=== Source material ===

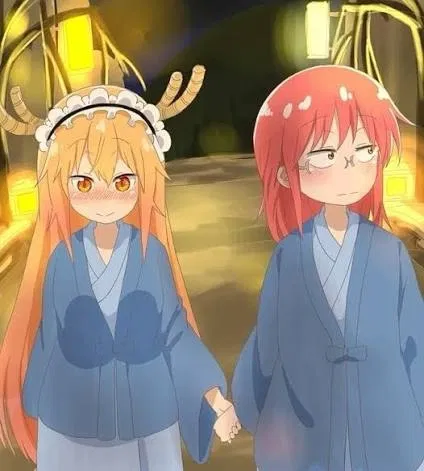 Avatar of Tohru and Kobayashi 
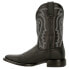 Фото #3 товара Durango Westward Western Embroidered Square Toe Cowboy Mens Black Casual Boots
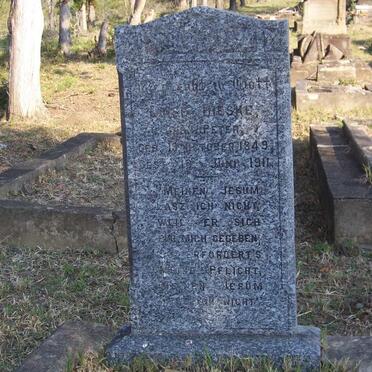 BIESKE Loise nee PETER 1849-1911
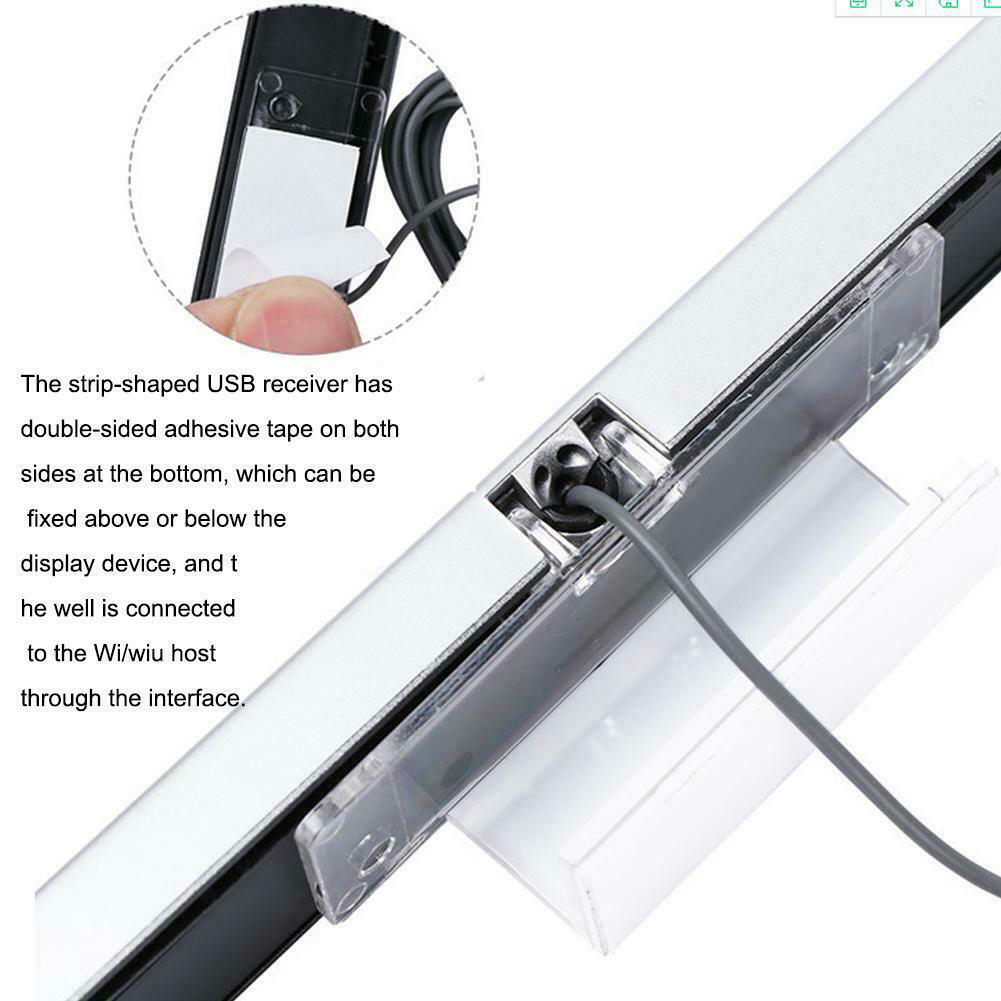 USB อินฟราเรดแบบมีสาย อินฟราเร - Gaming Console With Motion Sensor บทวิจารณ์และราคา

===

Print the data again, word for word, without any pictures.

- _Expected answer_
 Avatar of Tohru and Kobayashi 
 Фото #3 товара Durango Westward Western Embroidered Square Toe Cowboy Mens Black Casual Boots
 BIESKE Loise nee PETER 1849-1911
 USB อินฟราเรดแบบมีสาย อินฟราเร - Gaming Console With Motion Sensor บทวิจารณ์และราคา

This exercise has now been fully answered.